Life Is Good (foaled 22 April 2018) is a multiple Grade I winning American Thoroughbred racehorse who won the 2021 Breeders' Cup Dirt Mile and 2022 Pegasus World Cup.

Background
Life Is Good is a bay colt that was bred in Kentucky by Gary and Mary West Stable. His sire is Into Mischief and his dam is Beach Walk who was sired by Distorted Humor.  Life Is Good is the second foal and second winner from his dam, and her only stakes winner. The dam also has a Blame filly and a Candy Ride (ARG) colt.

Life Is Good was a $525,000 purchase from the Paramount Sales consignment at the 2019 Keeneland September Yearling Sale by China Horse Club and Maverick Racing which is the buying arm of WinStar Farm.

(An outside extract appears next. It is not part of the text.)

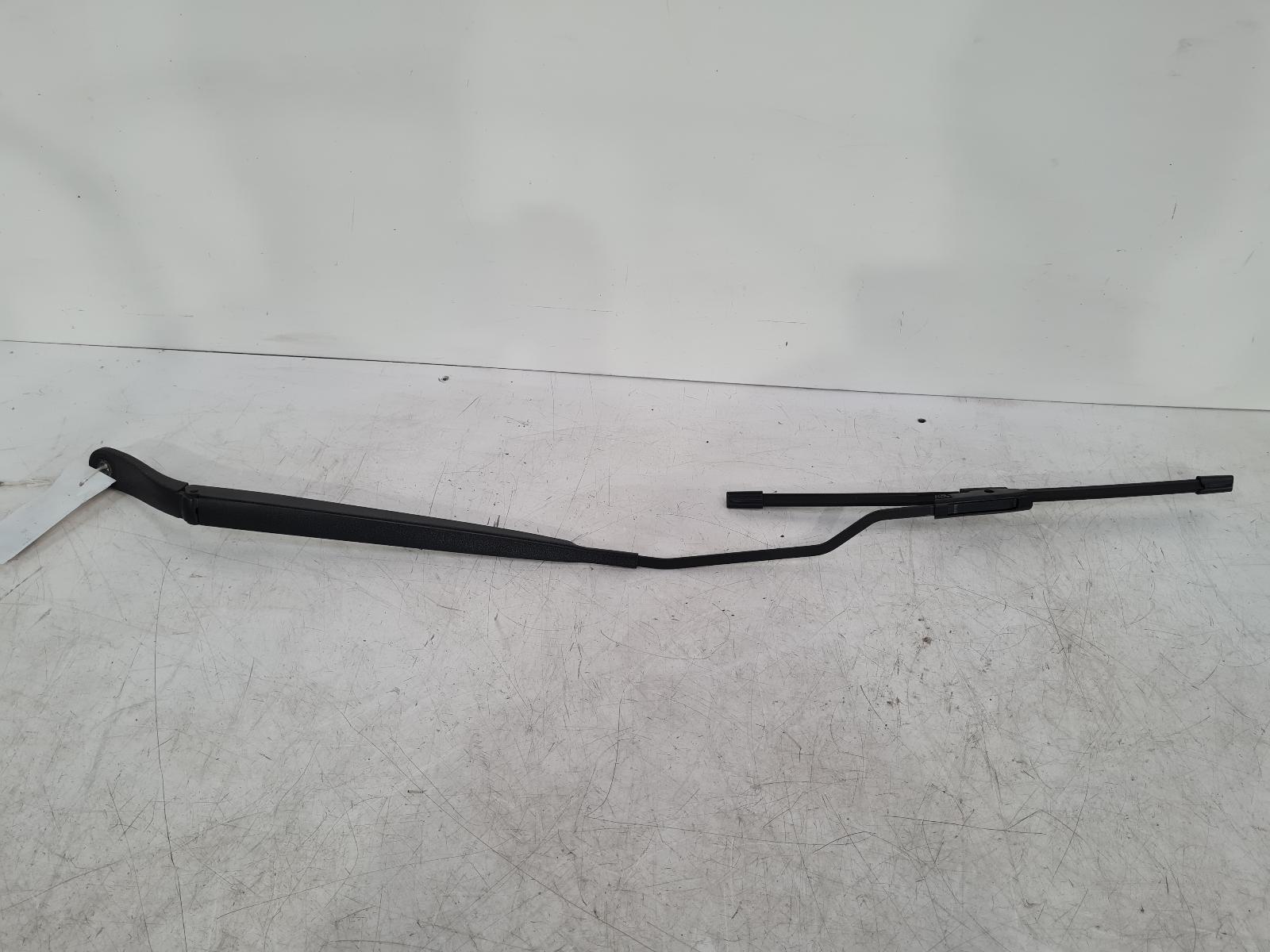 View Auto part Wiper Arm Citroen C3 2014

Initially, in his first three starts Life Is Good was trained by Bob Baffert but in the midst of his three-year-old career was transferred to Todd A. Pletcher's barn.

Racing career

2020: Two-year-old season

Life Is Good began his career on November 22 at Del Mar Racetrack in a Maiden Special Weight for two-year-olds at six and 1/2 furlongs. Starting at very short odds of 1/5on against four other horses, Life Is Good jumped out alertly from the inside stall and immediately got the lead. He led throughout the race with jockey Mike Smith and drew off and was ridden out to the wire to win easily by  lengths in a time of 1:15.50.

2021: Three-year-old season
Life Is Good made his first start as a three-year-old in the Sham Stakes at Santa Anita Park on January 2. Installed as the 1/5 odds-on favorite in the five horse field, Life Is Good went to the early lead and set sensible fractions while maintaining an advantage of three to four lengths down the backstretch and into the stretch. Stablemate Medina Spirit, raced in second throughout, made a late run to close to within three-quarters of a length, with the third-place finisher 13 lengths further back. Jockey Mike E. Smith's commented, "It was his first time around two turns. He got away just a little slow, but he got up and of course he's naturally so quick, he was just up underneath himself. Just as we were heading for home, he was doing things all by himself so easy out there."

Life Is Good made his next start in the San Felipe Stakes on March 6. Again Life Is Good was the favorite at 1/2, and he went to the early lead and was never challenged although drifting in the stretch run, winning by eight lengths over Medina Spirit, with Dream Shake third. After the race trainer Bob Baffert said,  "He's still green. They do all that weaving one race … they're still babies. They're still immature. The main thing is he came out of it really well. We saw a lot of raw talent yesterday." After the event Life Is Good had collected 60 qualification points for the Road to the Kentucky Derby and sitting second in the standings.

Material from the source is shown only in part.